[Stored data]
◇ ◇ ◇ ◇ ◇ ◇ ◇
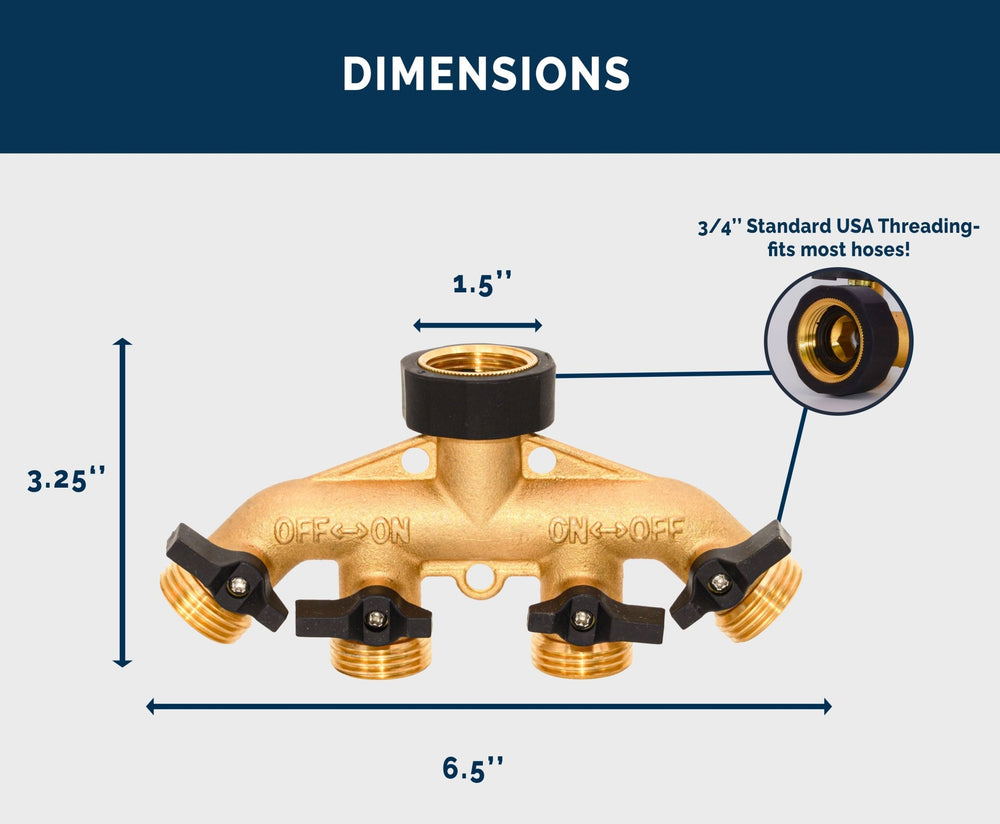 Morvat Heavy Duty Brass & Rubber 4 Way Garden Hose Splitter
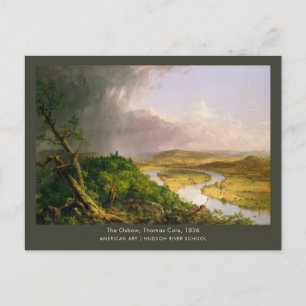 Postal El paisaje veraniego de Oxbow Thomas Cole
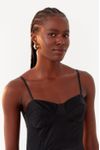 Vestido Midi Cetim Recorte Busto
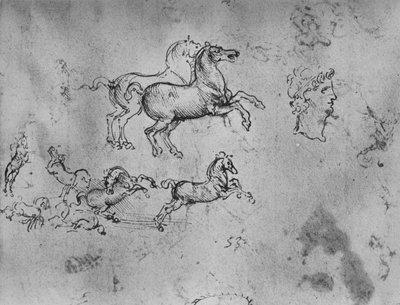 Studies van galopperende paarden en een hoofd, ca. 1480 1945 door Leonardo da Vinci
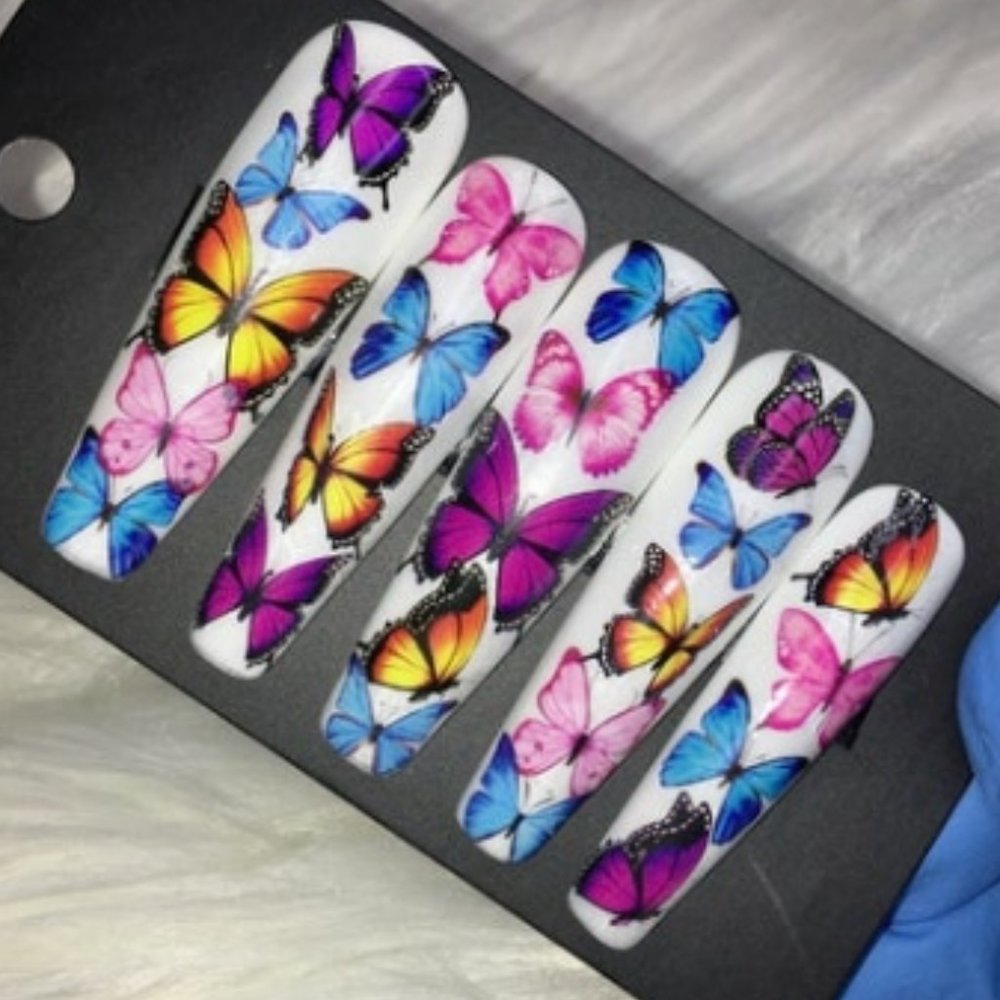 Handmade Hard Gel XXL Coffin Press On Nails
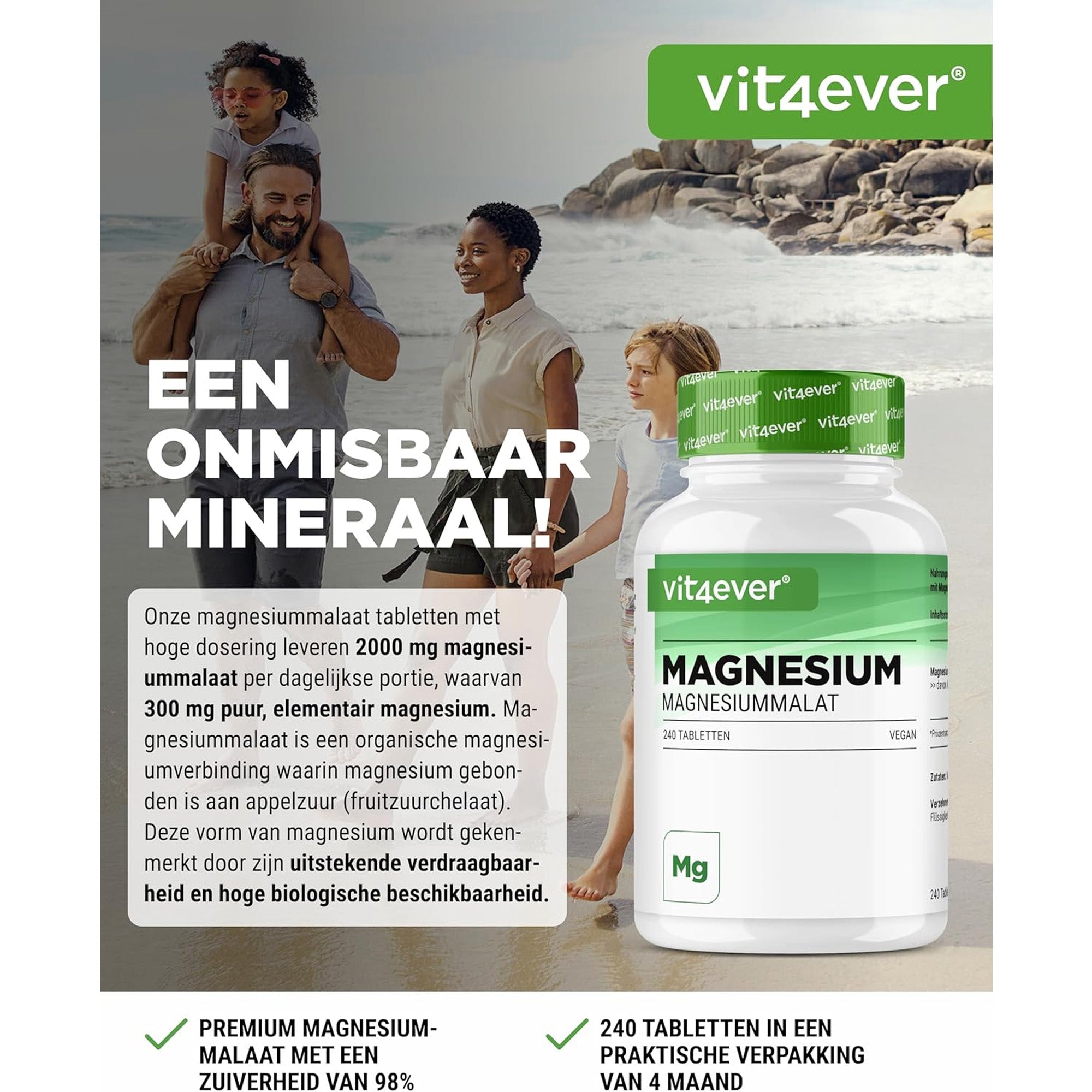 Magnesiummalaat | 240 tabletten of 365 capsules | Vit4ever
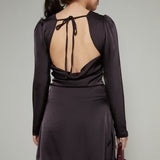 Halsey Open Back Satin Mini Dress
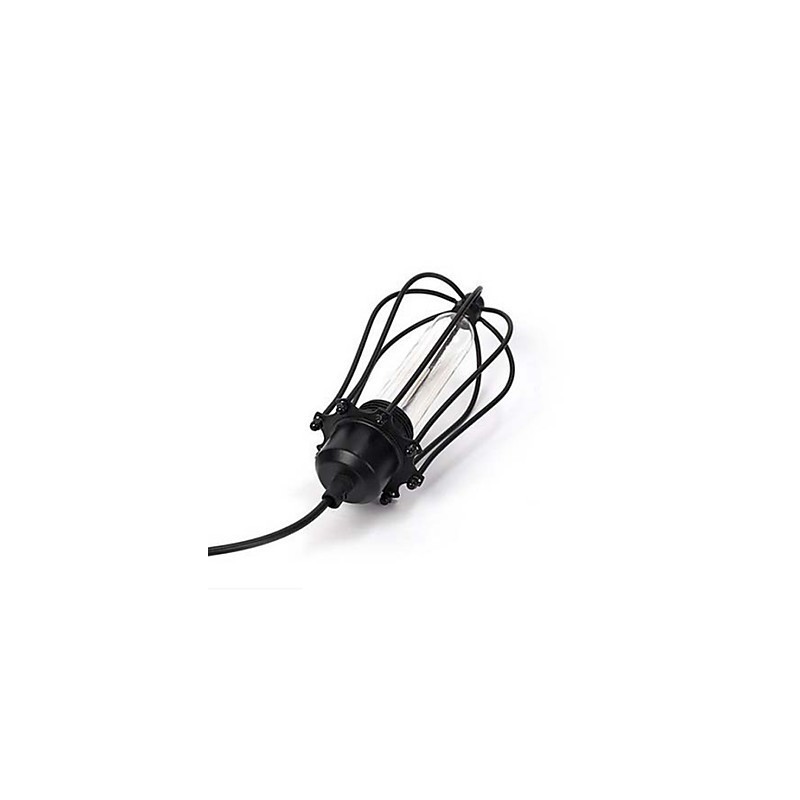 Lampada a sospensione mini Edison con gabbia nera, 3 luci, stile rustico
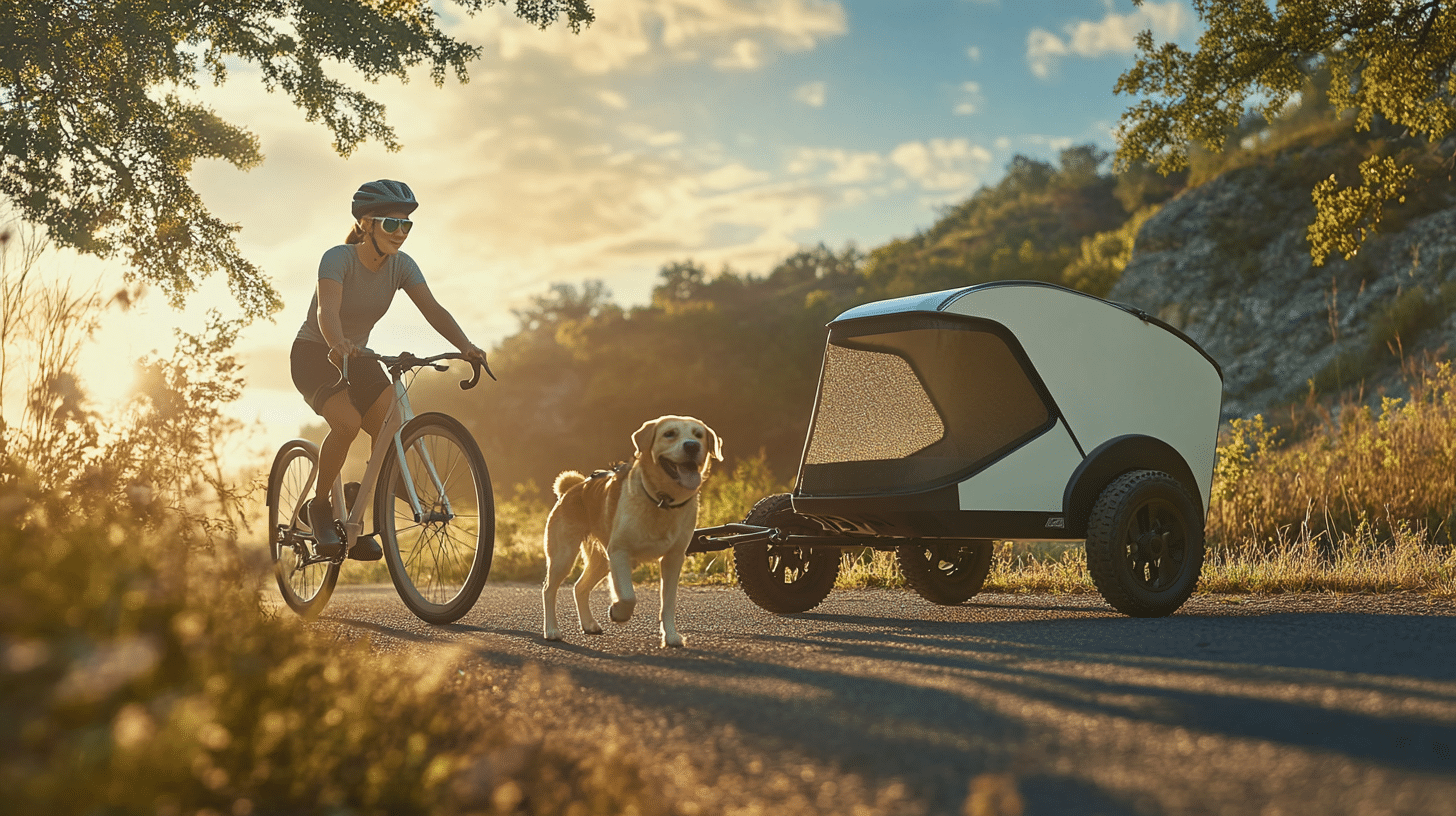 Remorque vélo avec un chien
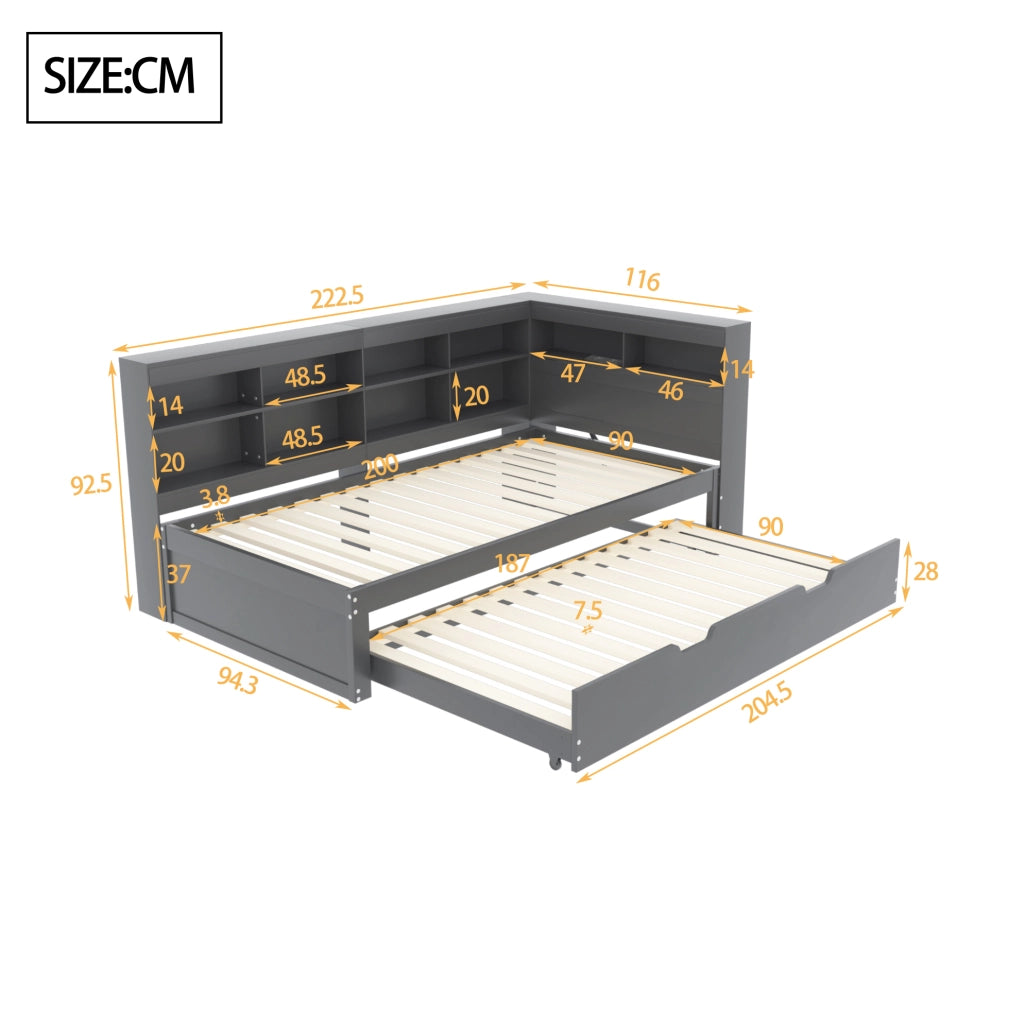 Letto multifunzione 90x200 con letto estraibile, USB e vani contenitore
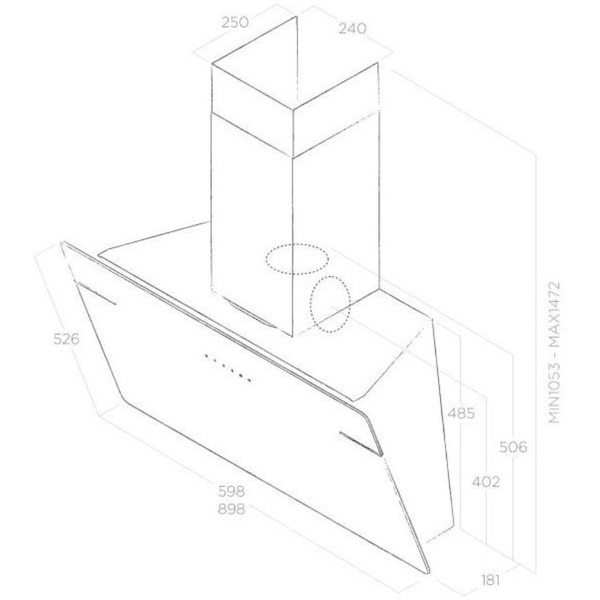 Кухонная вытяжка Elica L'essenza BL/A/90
◇ ◇ ◇ ◇ ◇ ◇ ◇
=== REQUIRED WORK ===
Skip the pictures, then retype every line above exactly.

=== EXERCISE SOLUTION ===
 Morvat Heavy Duty Brass & Rubber 4 Way Garden Hose Splitter
 Postal El paisaje veraniego de Oxbow Thomas Cole
 Vestido Midi Cetim Recorte Busto
 Studies van galopperende paarden en een hoofd, ca. 1480 1945 door Leonardo da Vinci
 Handmade Hard Gel XXL Coffin Press On Nails
 Magnesiummalaat | 240 tabletten of 365 capsules | Vit4ever
 Halsey Open Back Satin Mini Dress
 Lampada a sospensione mini Edison con gabbia nera, 3 luci, stile rustico
 Remorque vélo avec un chien
 Letto multifunzione 90x200 con letto estraibile, USB e vani contenitore
 Кухонная вытяжка Elica L'essenza BL/A/90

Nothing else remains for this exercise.